The next day, October 21, CTA filed an unfair labor practice charge with the Public Employees Relations Board against SLUSD, arguing that the school district had violated California state labor law. Guillermo Durgin, the CTA staff organizer speaking with the deputies in the video, told In These Times, “By trying to keep me out of the classroom, and then trying to interrupt our union meeting, the district is essentially intimidating and preventing members from communicating with their exclusive bargaining representative about the impasse that had been declared.”
The CTA-affiliated San Lorenzo Education Association (SLEA) has been in collective bargaining negotiations since March, but reached an impasse on October 13. Durgin was invited on to campus by SLEA members to inform San Lorenzo High educators about the bargaining situation during their off-duty lunch hour break.
After signing in as a visitor at the school’s office, Durgin says he was approached by assistant principal Andrew Vavuris. He claims that he identified himself as a union representative with the California Teachers Association, informing Vavuris that he had signed in and why he was there.
“He proceeded to tell me that I did not have the right to be there and I need to leave. I proceeded to tell him that I actually did have the right to be there as a representative of their exclusive bargaining representative,” he says. “About 15 minutes later — fortunately we had gone through most of our agenda — the assistant principal returned with three Alameda County Sheriff, and they proceeded to interrupt our union meeting, saying I had to leave. After a minute of this one of our members started to record.”
After the video stopped recording, Durgin says, “At that point, I pretty much ignored the three Alameda County Sheriffs as well as the assistant principal, left the classroom, signed out and proceeded to my car. I noticed though that the assistant principal actually followed me to my car… just to make sure I was going to leave the school campus.”
In an email to In These Times, SLUSD superintendent Fred Brill says that what transpired in the video, which has been seen over 280,000 times, was a result of a “misunderstanding” and that “the assistant principal should not have interfered with the meeting.”
“When an unknown visitor comes onto campus, even if they claim to be from CTA, the administration will consider the safety of students very seriously and work to confirm that visitors are who they claim to be.

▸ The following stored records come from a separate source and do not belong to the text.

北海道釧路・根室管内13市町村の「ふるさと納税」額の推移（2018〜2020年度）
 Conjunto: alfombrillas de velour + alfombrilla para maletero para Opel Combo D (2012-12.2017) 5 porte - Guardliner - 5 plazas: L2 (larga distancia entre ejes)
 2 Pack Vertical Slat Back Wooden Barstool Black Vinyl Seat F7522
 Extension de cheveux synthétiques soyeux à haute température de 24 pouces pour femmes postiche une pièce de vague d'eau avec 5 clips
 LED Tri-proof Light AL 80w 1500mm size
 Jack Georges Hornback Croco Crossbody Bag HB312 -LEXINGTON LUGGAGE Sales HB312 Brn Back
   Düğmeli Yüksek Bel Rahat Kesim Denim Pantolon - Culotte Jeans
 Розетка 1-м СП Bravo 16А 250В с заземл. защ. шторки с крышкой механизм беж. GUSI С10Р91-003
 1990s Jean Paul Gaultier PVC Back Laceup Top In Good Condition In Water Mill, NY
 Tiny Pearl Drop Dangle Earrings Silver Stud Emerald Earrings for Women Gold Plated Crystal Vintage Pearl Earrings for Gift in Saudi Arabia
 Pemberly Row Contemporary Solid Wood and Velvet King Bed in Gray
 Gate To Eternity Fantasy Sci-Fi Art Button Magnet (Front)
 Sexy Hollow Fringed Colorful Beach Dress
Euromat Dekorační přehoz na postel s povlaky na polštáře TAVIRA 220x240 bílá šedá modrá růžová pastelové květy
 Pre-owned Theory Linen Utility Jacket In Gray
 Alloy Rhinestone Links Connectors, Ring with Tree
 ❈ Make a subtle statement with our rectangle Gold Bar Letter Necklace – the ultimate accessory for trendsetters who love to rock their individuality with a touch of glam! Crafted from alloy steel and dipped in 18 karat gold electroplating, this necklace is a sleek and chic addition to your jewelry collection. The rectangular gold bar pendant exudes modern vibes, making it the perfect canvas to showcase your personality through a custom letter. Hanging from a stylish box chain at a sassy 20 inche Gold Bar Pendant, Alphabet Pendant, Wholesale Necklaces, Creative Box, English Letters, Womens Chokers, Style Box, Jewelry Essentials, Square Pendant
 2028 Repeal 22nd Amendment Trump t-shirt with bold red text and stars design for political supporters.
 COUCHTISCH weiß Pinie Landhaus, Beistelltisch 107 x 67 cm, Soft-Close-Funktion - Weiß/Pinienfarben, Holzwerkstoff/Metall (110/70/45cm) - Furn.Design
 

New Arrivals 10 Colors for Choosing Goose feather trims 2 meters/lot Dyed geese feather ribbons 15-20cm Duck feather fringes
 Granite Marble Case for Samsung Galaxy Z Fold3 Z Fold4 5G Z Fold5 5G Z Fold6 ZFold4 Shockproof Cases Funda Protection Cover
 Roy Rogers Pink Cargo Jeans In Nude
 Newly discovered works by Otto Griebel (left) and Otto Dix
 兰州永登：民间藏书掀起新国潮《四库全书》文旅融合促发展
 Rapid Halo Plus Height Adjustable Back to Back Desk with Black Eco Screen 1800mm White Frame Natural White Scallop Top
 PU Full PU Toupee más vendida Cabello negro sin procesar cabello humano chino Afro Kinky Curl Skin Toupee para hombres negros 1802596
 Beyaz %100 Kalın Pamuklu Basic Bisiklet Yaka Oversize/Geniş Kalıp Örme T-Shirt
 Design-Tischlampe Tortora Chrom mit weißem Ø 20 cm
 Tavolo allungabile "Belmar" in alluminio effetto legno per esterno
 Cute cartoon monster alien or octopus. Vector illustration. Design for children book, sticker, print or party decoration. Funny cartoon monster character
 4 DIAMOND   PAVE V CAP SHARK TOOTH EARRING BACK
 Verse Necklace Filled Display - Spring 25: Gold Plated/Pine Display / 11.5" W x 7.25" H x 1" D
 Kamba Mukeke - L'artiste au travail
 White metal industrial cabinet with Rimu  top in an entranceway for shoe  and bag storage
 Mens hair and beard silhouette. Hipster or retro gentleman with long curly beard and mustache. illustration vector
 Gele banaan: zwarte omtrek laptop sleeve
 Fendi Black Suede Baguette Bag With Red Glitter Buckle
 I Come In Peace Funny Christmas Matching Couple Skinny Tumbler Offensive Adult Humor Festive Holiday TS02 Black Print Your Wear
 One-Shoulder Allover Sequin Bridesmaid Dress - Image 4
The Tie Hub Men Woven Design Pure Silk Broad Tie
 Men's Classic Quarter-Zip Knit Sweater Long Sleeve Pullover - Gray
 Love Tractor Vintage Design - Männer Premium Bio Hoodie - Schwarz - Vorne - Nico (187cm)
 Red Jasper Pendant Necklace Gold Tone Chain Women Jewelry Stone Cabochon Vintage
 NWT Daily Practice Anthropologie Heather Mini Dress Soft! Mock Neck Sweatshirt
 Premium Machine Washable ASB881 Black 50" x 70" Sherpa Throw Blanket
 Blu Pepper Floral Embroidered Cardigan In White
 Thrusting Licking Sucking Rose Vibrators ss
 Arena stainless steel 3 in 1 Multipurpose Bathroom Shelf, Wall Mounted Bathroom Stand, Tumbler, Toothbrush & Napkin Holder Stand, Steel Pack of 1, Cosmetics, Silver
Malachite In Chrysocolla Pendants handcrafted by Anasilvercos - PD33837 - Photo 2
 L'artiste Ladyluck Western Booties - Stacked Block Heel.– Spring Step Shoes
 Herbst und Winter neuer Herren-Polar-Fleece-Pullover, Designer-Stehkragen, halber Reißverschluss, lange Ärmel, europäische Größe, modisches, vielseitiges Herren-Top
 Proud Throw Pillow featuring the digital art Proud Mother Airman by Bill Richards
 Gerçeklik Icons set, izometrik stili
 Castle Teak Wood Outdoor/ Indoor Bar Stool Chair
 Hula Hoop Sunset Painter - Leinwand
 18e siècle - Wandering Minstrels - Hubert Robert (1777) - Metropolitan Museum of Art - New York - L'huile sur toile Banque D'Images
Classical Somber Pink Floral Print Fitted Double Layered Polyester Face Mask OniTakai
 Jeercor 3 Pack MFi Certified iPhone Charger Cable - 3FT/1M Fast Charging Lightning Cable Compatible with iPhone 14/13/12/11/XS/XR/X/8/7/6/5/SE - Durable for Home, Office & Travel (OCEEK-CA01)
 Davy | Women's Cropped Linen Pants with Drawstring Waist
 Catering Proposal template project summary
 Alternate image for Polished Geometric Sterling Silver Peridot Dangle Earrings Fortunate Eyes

The safety of students must come first,“ Brill added, alleging that although Durgin had a visitor’s badge he had declined to give his name to administration.
With negotiations at an impasse, a state-appointed mediator has met with SLEA and the school district twice, bringing the almost 600 members of SLEA close to a potential work stoppage. The union says that its main concerns lie in the district’s inability to recruit and retain educators due to low salary levels and the subsequent high class sizes that come with no hiring. An October 23 press release by SLEA claims that the 2015-16 school year “started with more than 25 unfilled educator vacancies, four times as many as two neighboring districts in Castro Valley and San Leandro. More than 70 educators left the district at the end of last school year — 30 of them going to higher-paying school districts.”
SLEA president Donna Pinkney says in the statement, “The school board and Superintendent Brill are refusing to make a long-term investment in teachers by making competitive salaries a budget priority, and that’s harming the students and the community. Teachers are leaving the district for better pay and more respect in neighboring districts. Interfering with our union rights will not be tolerated here.”